The content evaluators offered me seven remedies. Three applied to work created before January 1, 1923. Since, as my text made clear, I was not born until 1942, these seemed of unlikely relevance. (They also made me curious about the attention and thought my m.s. had received.) One applied to texts of over 5000 words, which none of my pieces were. One applied to texts of under 5000 words, which all of my previously published ones were. I could satisfy the content evaluators by (a) removing these pieces, which would leave me a 20 page book, or (b) reducing them by 90%, which would give me 30. Or I could get permission to publish them from the previous publishers. This would be a pain in the ass, but doable.
Issue two was my text that libeled and/or invaded the privacy of others. How I had managed this puzzled me since, as I had disclosed, I had, at least, changed everyone’s name, if not other identifying factors.) The evaluators provided three examples, leaving open the possibility there were more.
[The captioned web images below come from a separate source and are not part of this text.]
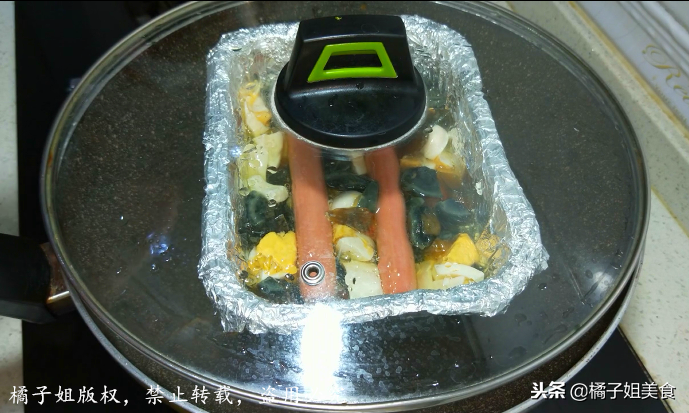 图片[9]-【三色蛋】做法步骤图 美味可口 比大鱼大肉吃着还-起舞食谱网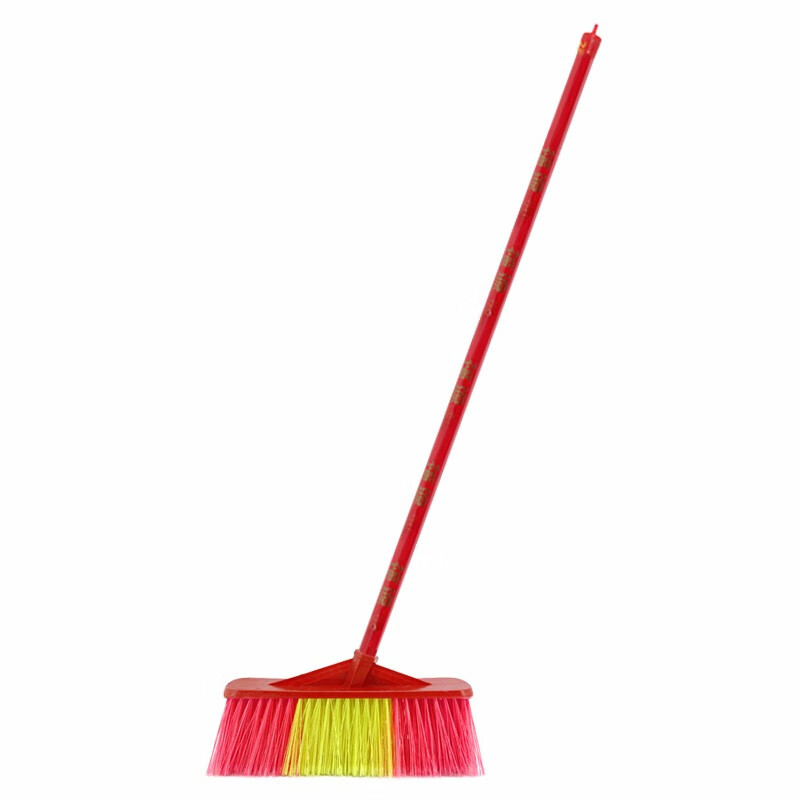 Varillas de madera, escobas de alambre de plástico, escobas de limpieza de la escuela, escobas de limpieza, escobas de saneamiento, escobas de exterior, escobas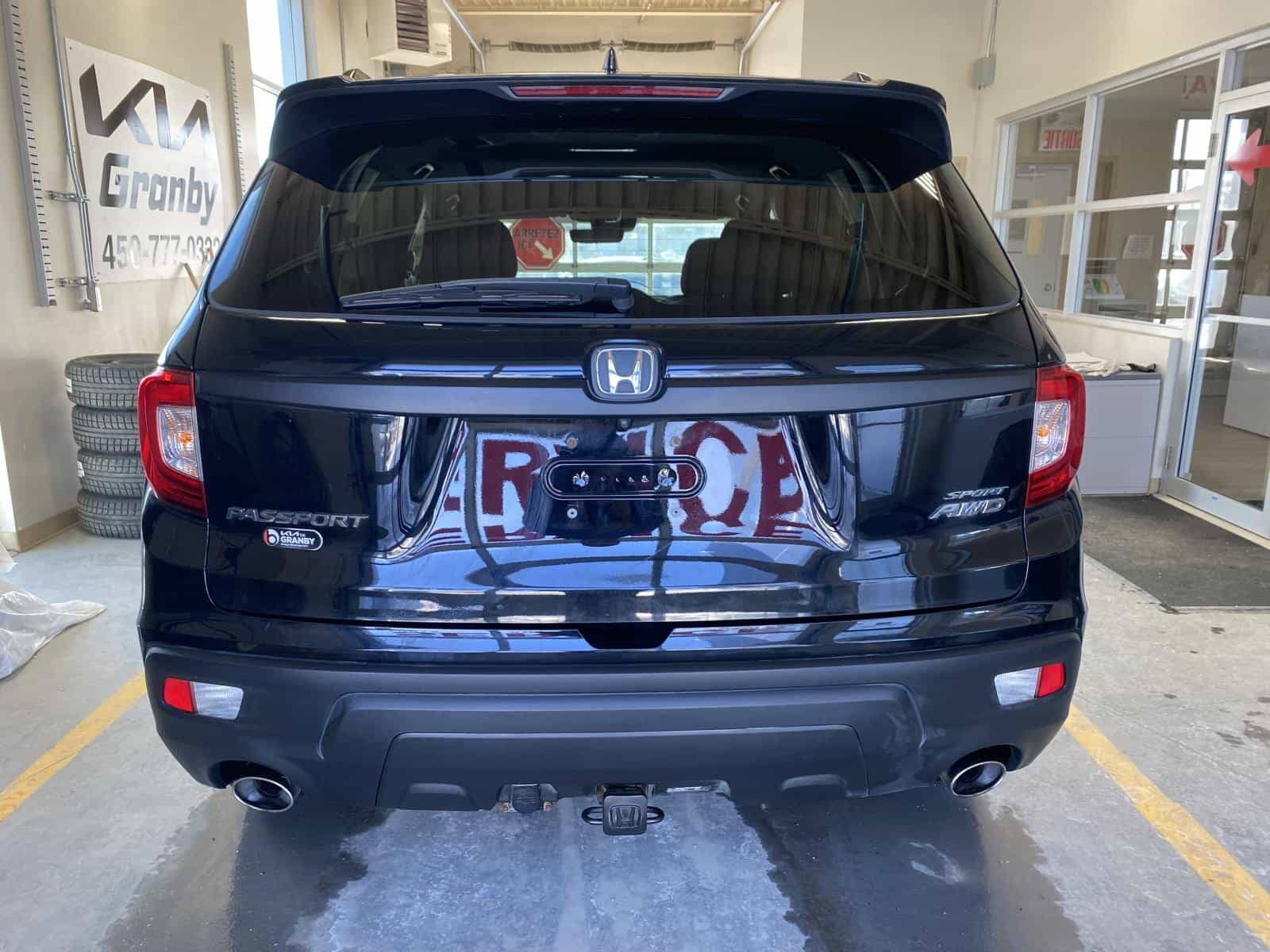 2021 Honda Passport Sport - Image 5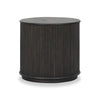 Four Hands Ona Smoked Black Mindi Veneer End Table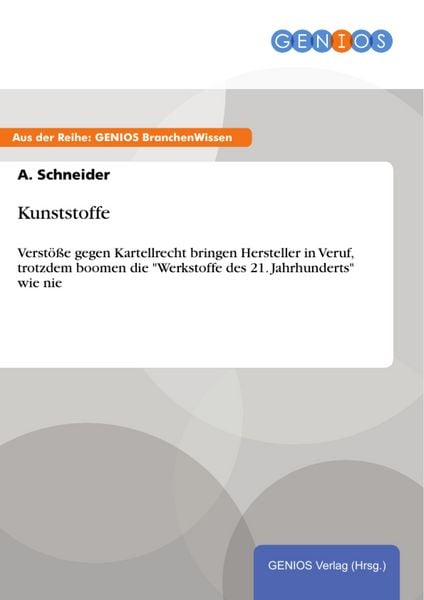 Produktbild: Kunststoffe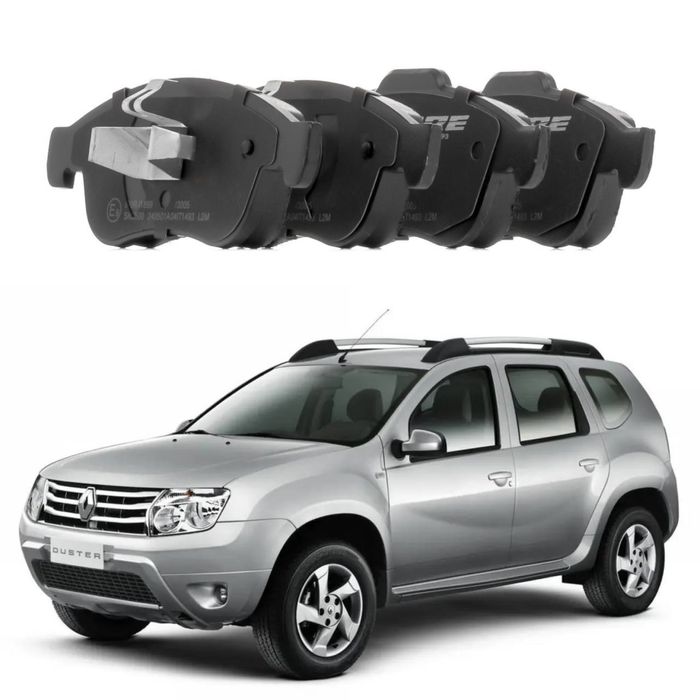 Renault Duster Оригинальные передние Колодки Euro Pads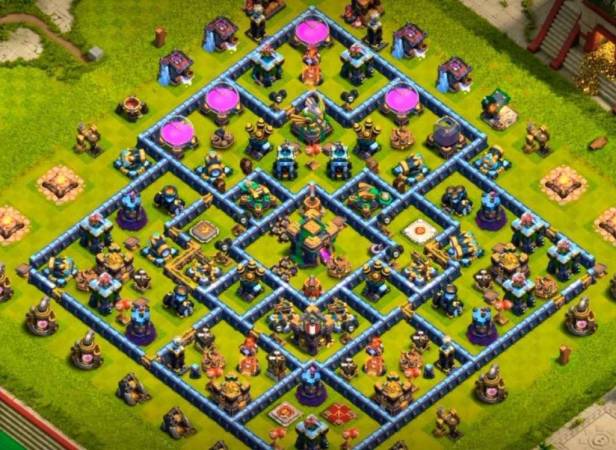 Storage Guarded Level 14 Design With Link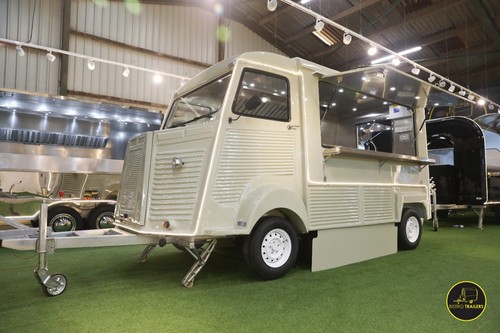 Citroen style catering - citroen, trailer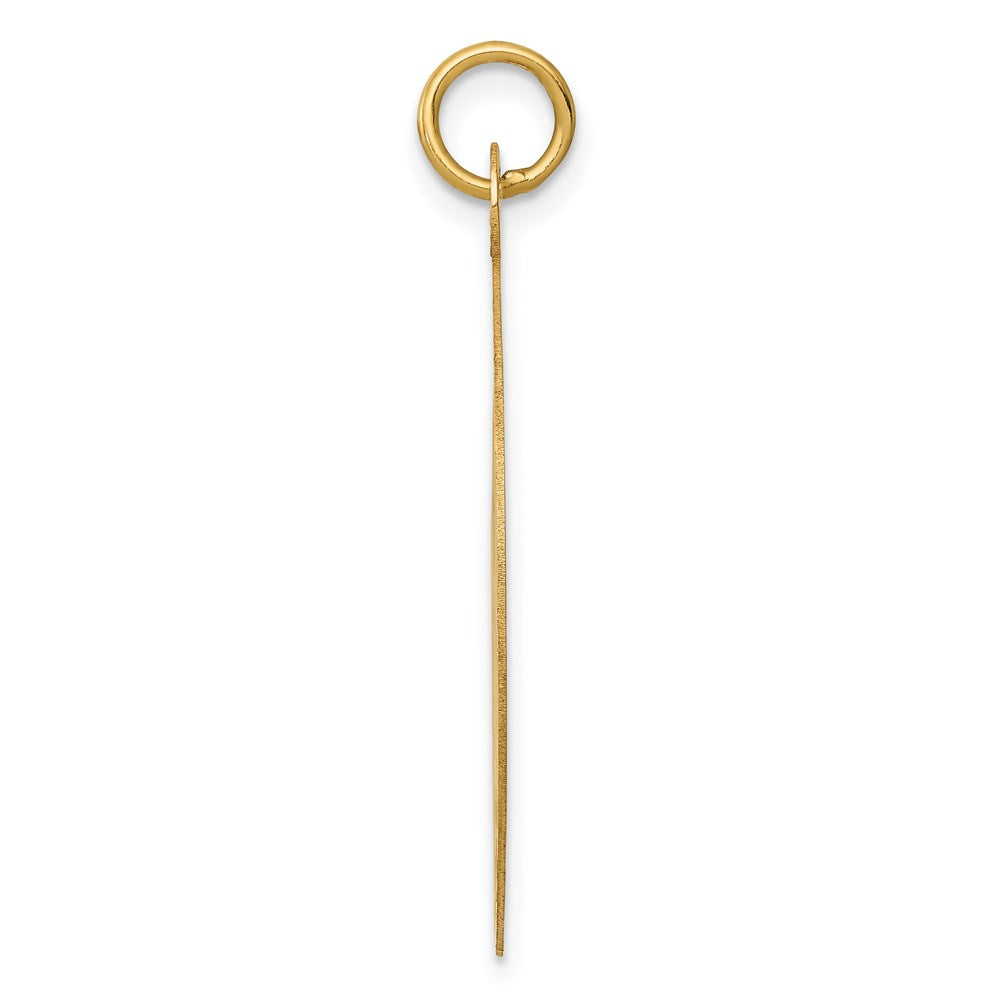 14 Karat Gelbgold Charm „ALLES GUTE ZUM GEBURTSTAG“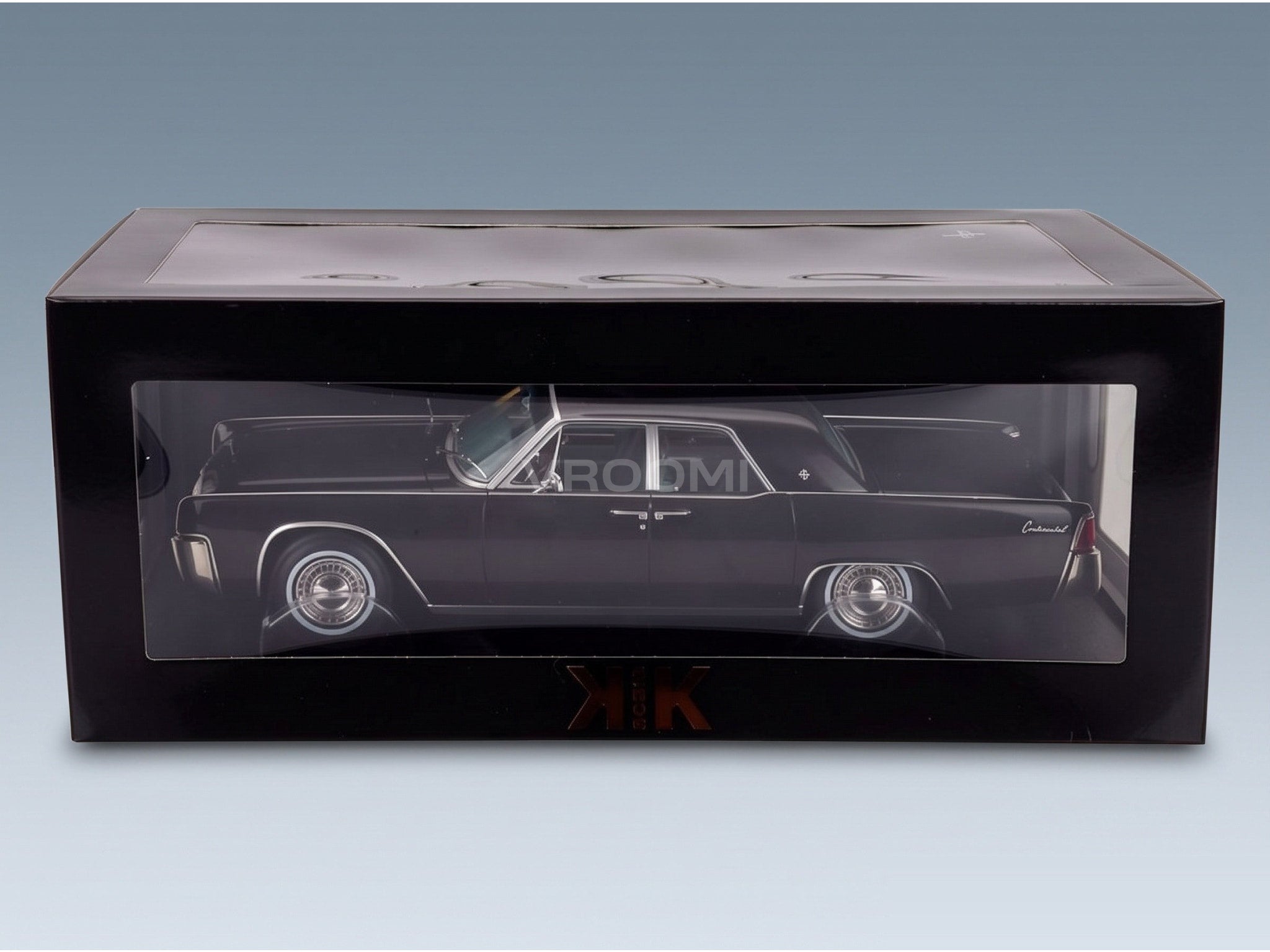 Lincoln Continental Sedan 1963 Black 1:18 Scale Model – Vroomi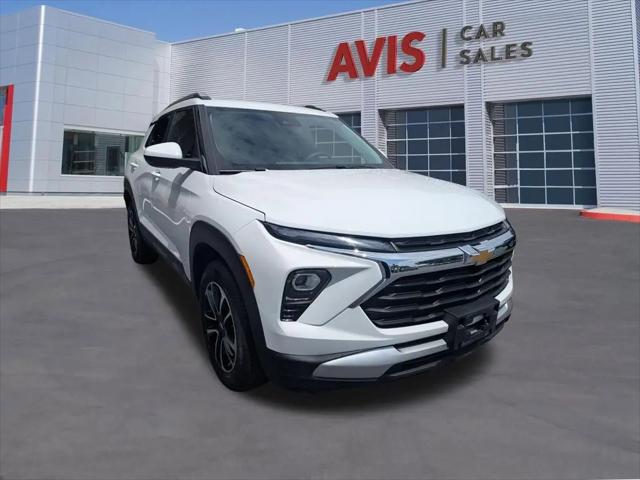 2025 Chevrolet TrailBlazer AWD LT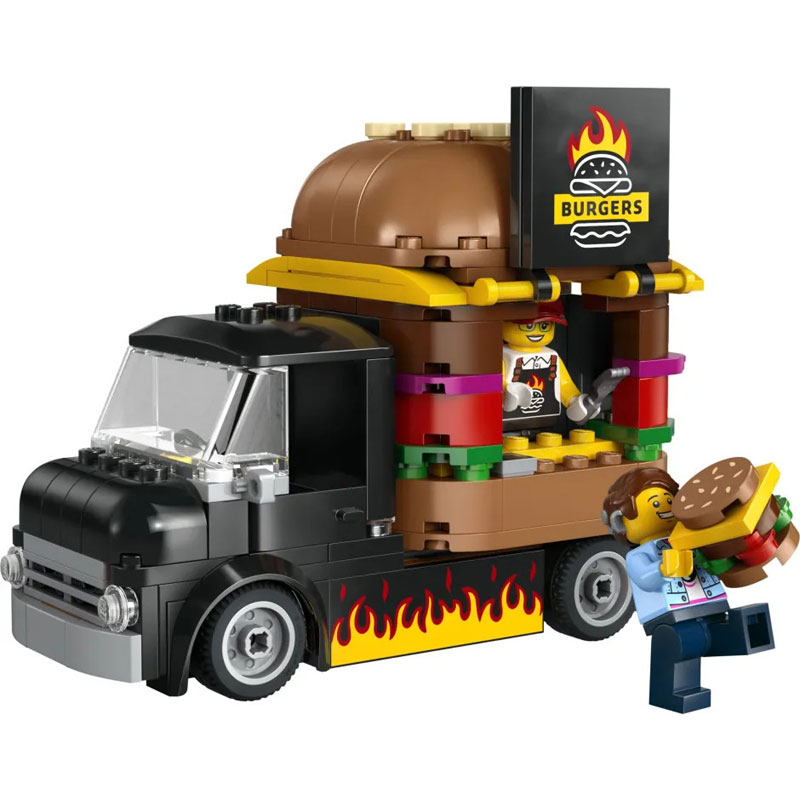LEGO® City Burger Truck 60404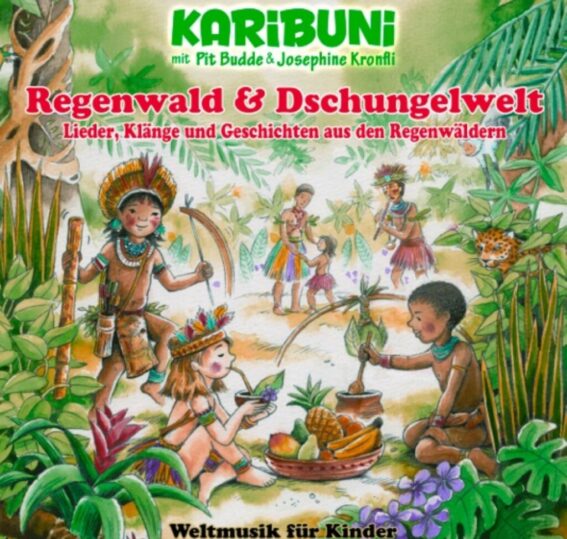 Regenwald und Dschungelwelt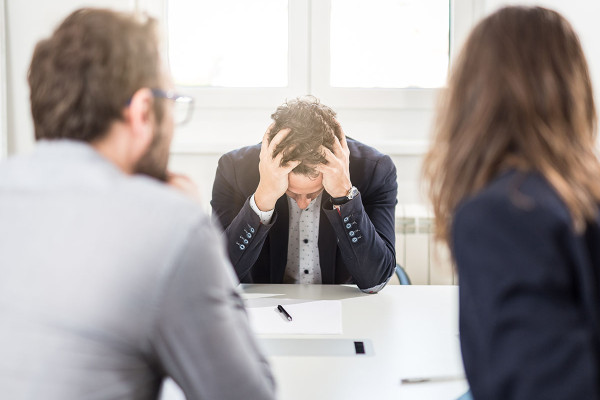 Fehler Vorstellungsgespräch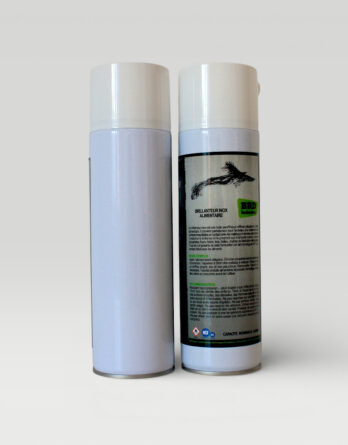 Brillanteur inox alimentaire – Lot de 2 aérosols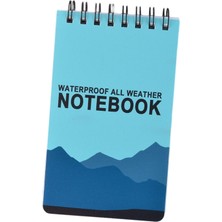 Natalia Spiral Notebook 55 Sheets Water Popess Home Office Aksesuarları Mavi Için Not Kitabı (Yurt Dışından)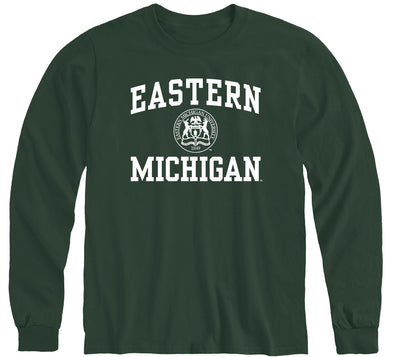 Eastern Michigan University Heritage Long Sleeve T-Shirt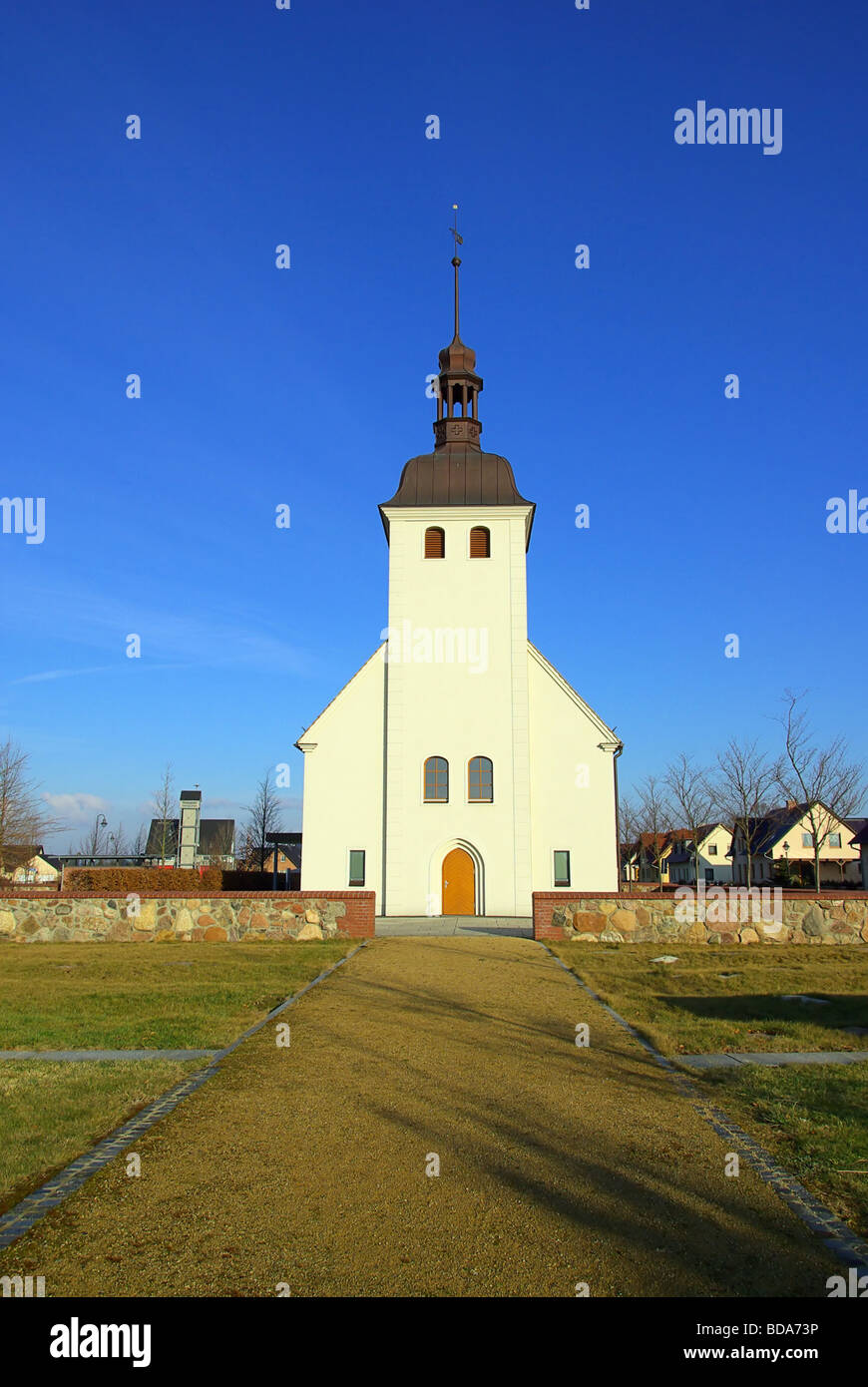 Neu Horno Kirche 02 Stockfoto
One was a reference to “Chuckie Tusk,” an ex-cop, in whose restaurant and on whose liquor license two of my Penn Law social circle ran a bar. How I had libeled or embarrassed “Mr. Tusk” by this reference mystified me. One was a reference to a “Laurel Plotkin,” who had been identified as my college’s “nymphomaniac.” No other description of “Ms. Plotkin” was provided, and since Brandeis had about 800 female undergraduates in 1964, and the youngest of whom would not be 70, I could not examine how it could be feared that one of these grandmothers would now come forward and declare she recognized herself in my description. (It was like, I thought, I had written “A girl at Brandeis was a nymphomaniac” or “…never brushed her teeth” or “…killed her mother and slept with her father.”)
The third example was more problematic. I had written of my freshman English Comp instructor, a wrist-tattooed Holocaust survivor, who, while married to one department head, was rumored to be having an affair with a junior member of another. I had portrayed her in all other ways heroically, and she would be about 80 now and had not sued when the piece had previously run; but I, gallantly, offered to remove the tattoo — and make her an ex-junkie if that would make Lulu feel better.
It wouldn’t. In fact, its corrective “MUST”s included the following. I could not use my real name anywhere in the book or on its cover. I could not use the real name of any business or educational establishment I mentioned. I had to change the locale where the action occurred. In other words, I would be writing a memoir, “Cheesesteak: The West Philadelphia Years,” in which I did not appear, nor did any place where I actually spent time; and all the activities described took place in, I don’t know, Bismark, North Dakota.